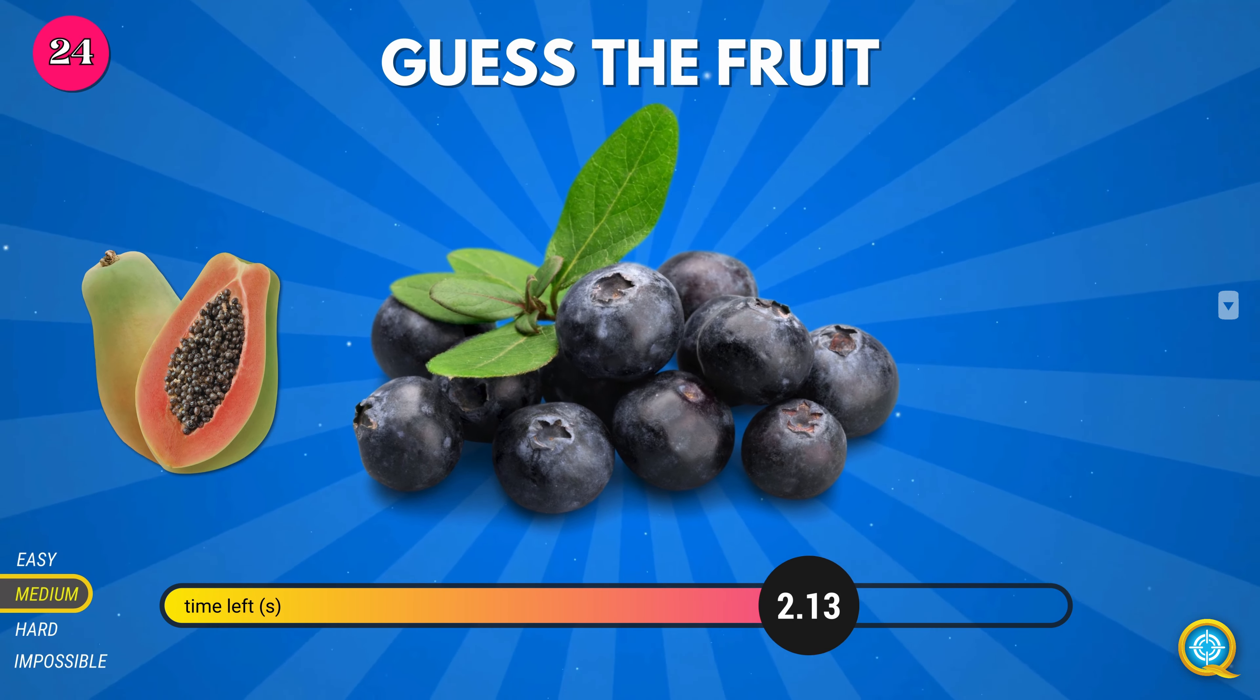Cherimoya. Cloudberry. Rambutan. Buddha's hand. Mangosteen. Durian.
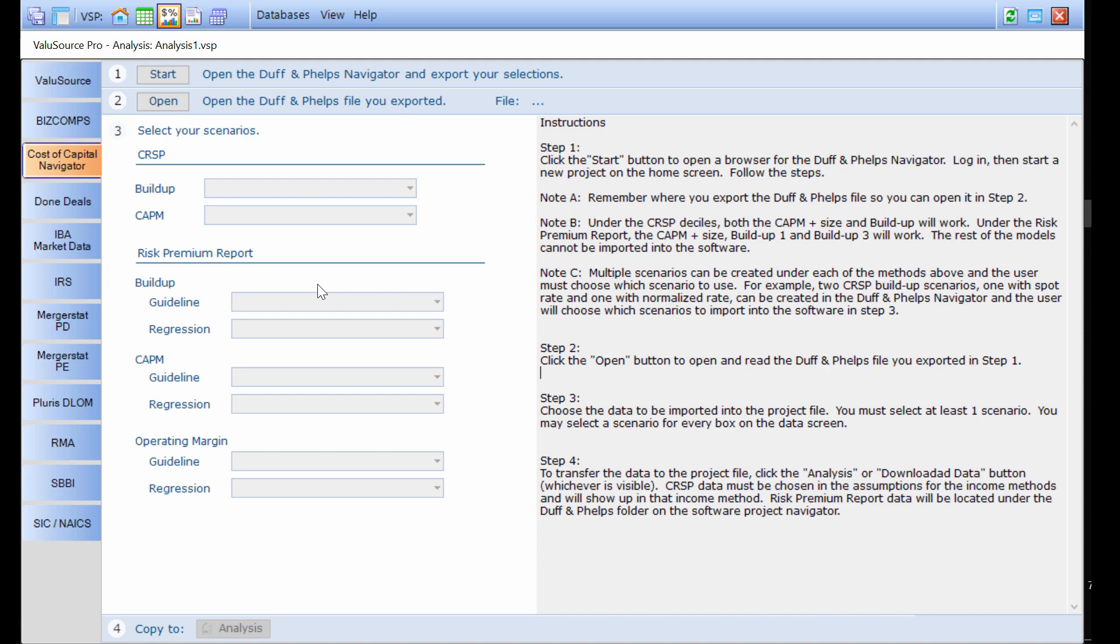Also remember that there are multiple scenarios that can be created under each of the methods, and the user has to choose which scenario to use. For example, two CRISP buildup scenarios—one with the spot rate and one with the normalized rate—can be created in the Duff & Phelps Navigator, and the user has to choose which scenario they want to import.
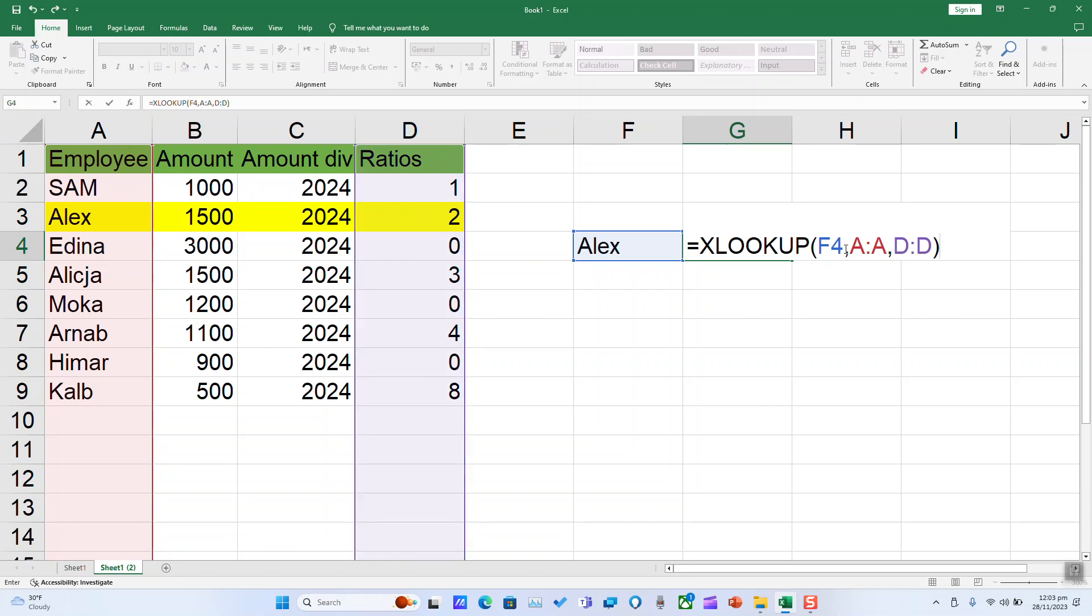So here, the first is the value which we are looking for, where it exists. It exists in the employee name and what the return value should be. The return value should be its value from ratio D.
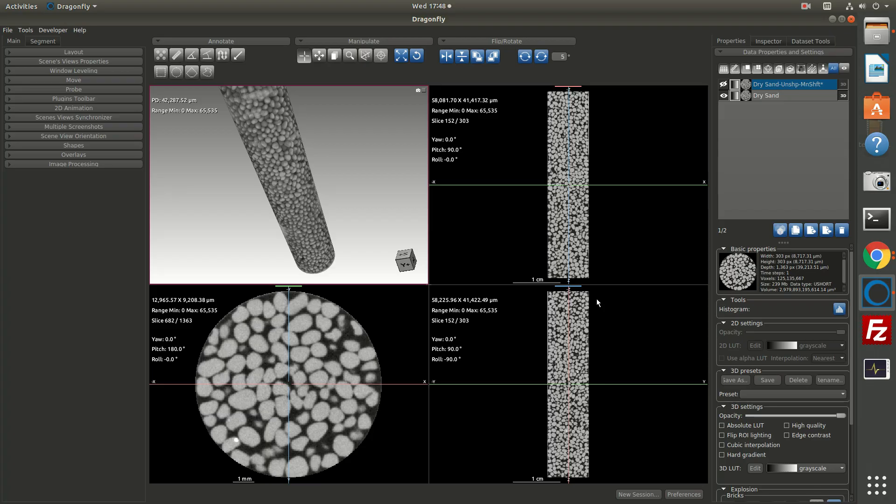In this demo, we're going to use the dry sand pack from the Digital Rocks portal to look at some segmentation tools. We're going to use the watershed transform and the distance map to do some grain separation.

==

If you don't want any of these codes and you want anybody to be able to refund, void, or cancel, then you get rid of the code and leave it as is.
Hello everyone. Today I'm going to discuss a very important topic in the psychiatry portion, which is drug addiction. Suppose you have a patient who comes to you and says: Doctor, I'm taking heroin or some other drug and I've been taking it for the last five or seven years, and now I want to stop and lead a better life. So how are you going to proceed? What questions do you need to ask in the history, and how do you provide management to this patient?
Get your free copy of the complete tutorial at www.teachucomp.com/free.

---

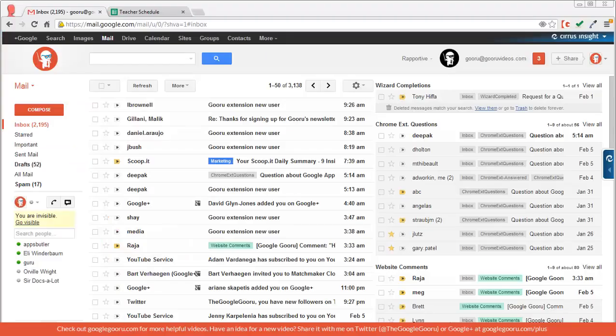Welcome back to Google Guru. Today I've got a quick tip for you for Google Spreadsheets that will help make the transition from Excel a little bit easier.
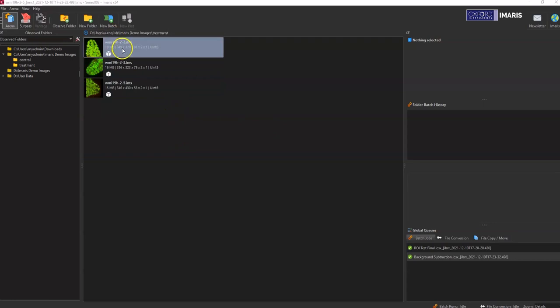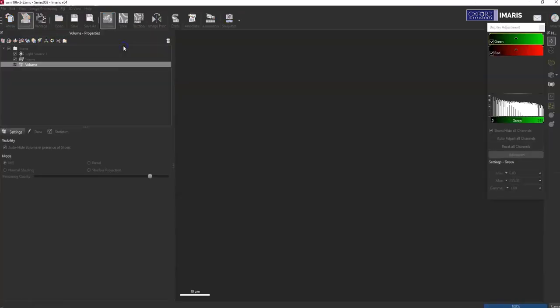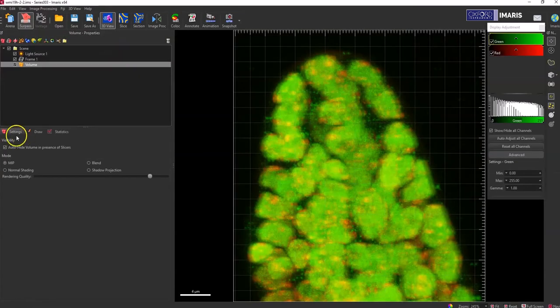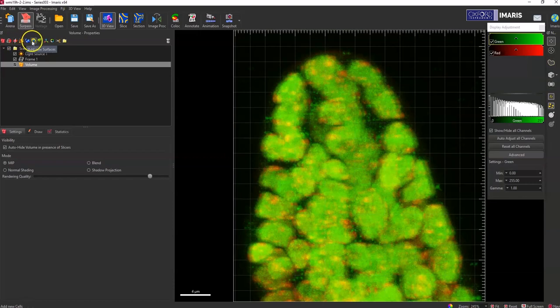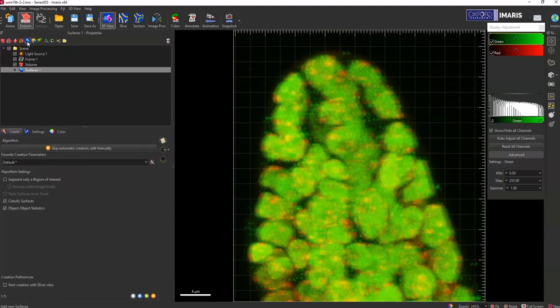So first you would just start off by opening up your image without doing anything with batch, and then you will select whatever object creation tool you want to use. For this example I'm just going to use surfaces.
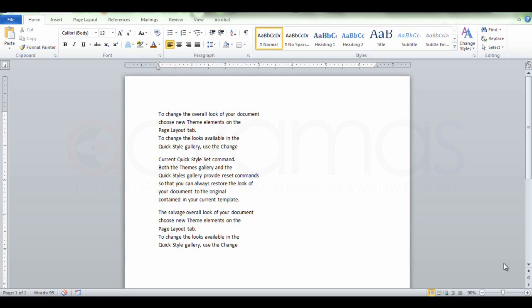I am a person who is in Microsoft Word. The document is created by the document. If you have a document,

Required action: Given the records above, return exactly the lines starting at the line containing "If you don't" and ending at the line containing "Get your free", including both.

Reply to the exercise:
If you don't want any of these codes and you want anybody to be able to refund, void, or cancel, then you get rid of the code and leave it as is.
Hello everyone. Today I'm going to discuss a very important topic in the psychiatry portion, which is drug addiction. Suppose you have a patient who comes to you and says: Doctor, I'm taking heroin or some other drug and I've been taking it for the last five or seven years, and now I want to stop and lead a better life. So how are you going to proceed? What questions do you need to ask in the history, and how do you provide management to this patient?
Get your free copy of the complete tutorial at www.teachucomp.com/free.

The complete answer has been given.